The new Chancellor (for now) is Nadhim Zahawi, who was born in Baghdad. Let’s see what wickedness lurks on his Wikipedia page:

In late January 2018, it was reported in the media that Zahawi was one of the attendees at a men-only dinner event organised by the Presidents Club at the Dorchester Hotel in London. Media reports alleged that female hostesses were subjected to sexual harassment and incidents of groping and inappropriate touch. Following the revelations of his attendance at the event, Zahawi posted a tweet condemning such behaviour and stated that he felt uncomfortable at what he saw happening.

Wow! The Financial Times sent some undercover operatives to the event disguised as hostesses:

At their initial interviews, women were warned by Ms Dandridge that the men in attendance might be “annoying” or try to get the hostesses “pissed”. One hostess was advised to lie to her boyfriend about the fact it was a male-only event. “Tell him it’s a charity dinner,” she was told. “It’s a Marmite job. Some girls love it, and for other girls it’s the worst job of their life and they will never do it again . . . You just have to put up with the annoying men and if you can do that it’s fine,” Ms Dandridge told the hostess.
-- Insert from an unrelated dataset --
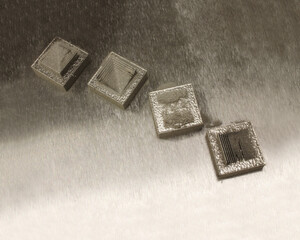 One of two illustrations of the effect of part orientation. The part below was produced by three different additive manufacturing suppliers. The components they delivered were all different, because each supplier chose to orient the part in a different way. At right, delicate features are produced with differing levels of success depending on their orientation with respect to the machine’s moving blade. One of two illustrations of the effect of part orientation. The part below was produced by three different additive manufacturing suppliers. The components they delivered were all different, because each supplier chose to orient the part in a different way. At right, delicate features are produced with differing levels of success depending on their orientation with respect to the machine’s moving blade.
I read further on the event:

Some MPs called for the resignation of children and families minister Nadhim Zahawi, who had been among the guests, as well as for a police investigation of the event. Presidents Club co-chairman David Meller resigned from his Department of Education directorship. Jonathan Mendelsohn, another of the guests, was removed from the Labour frontbench in the House of Lords. Several bookshops stopped the sale of books by the comedian David Walliams, who had hosted the event and put up the right to name a character in his next book as a prize. All of these men said to the media that they had neither participated in nor witnessed any misconduct.

Who is David Walliams?

Walliams has been diagnosed with bipolar disorder, and he described his 2006 swim of the English Channel as “some sort of redemption”.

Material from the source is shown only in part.